(Extracted data begins)
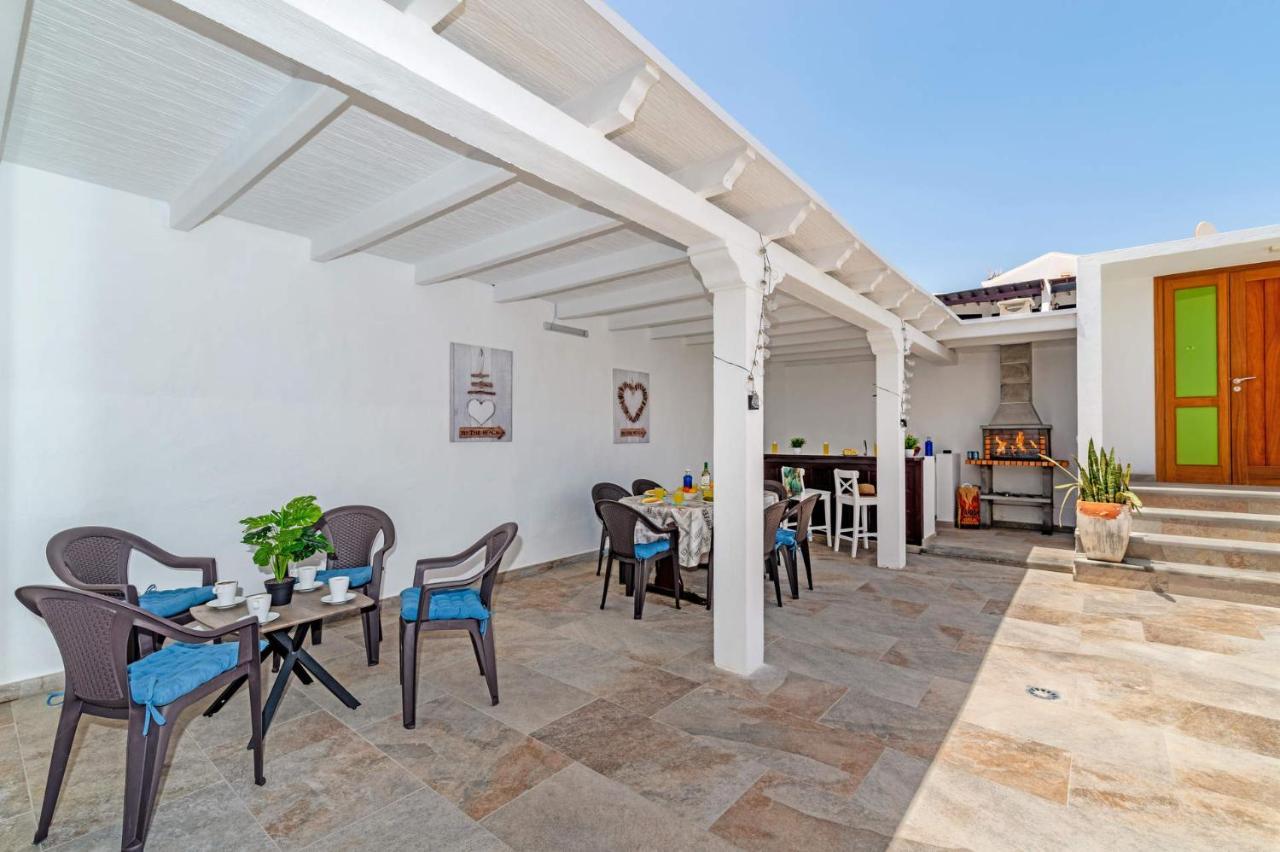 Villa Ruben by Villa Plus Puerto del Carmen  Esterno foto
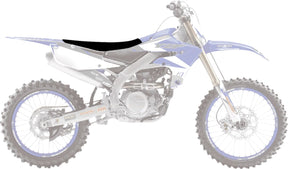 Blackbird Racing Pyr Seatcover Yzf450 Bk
(Extracted data ends)
(Extracted data begins)
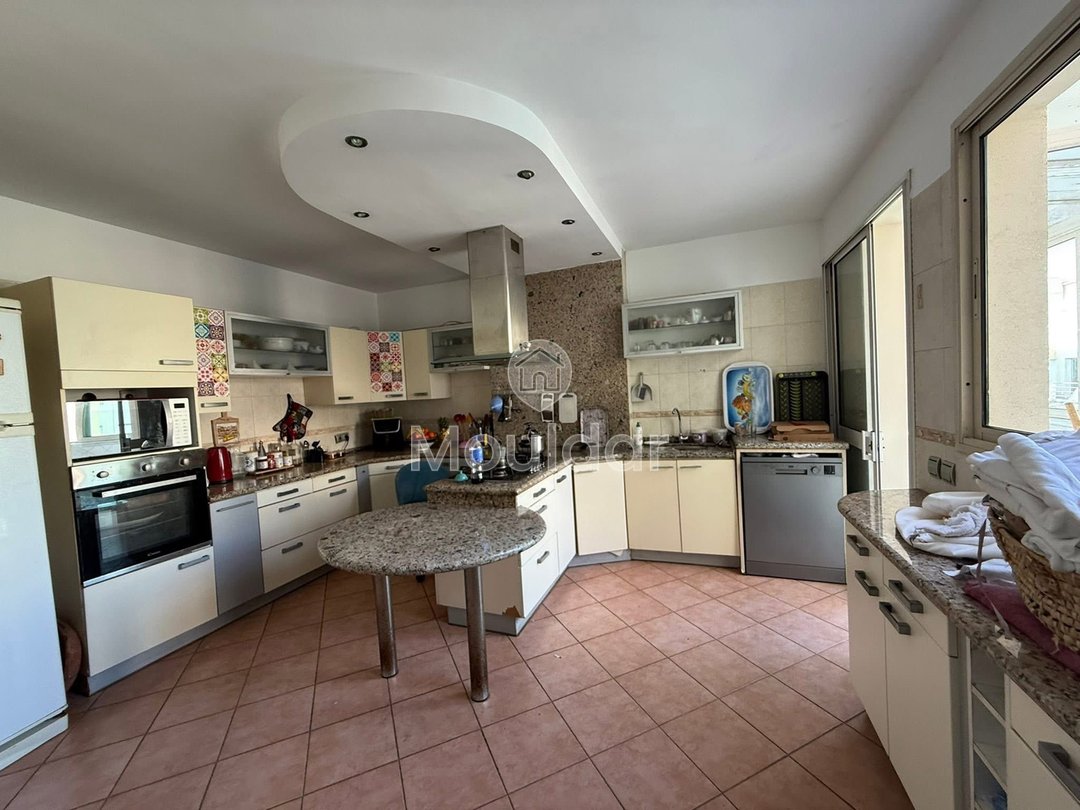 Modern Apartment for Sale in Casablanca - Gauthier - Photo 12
(Extracted data ends)
> _Brief_
Both the line containing "Villa Ruben by" and the line containing "Blackbird Racing Pyr Seatcover Yzf450 Bk" above belong in the output, as do the lines between them. Print them exactly, without pictures.

> _Output for this exercise_
 Villa Ruben by Villa Plus Puerto del Carmen  Esterno foto
 Blackbird Racing Pyr Seatcover Yzf450 Bk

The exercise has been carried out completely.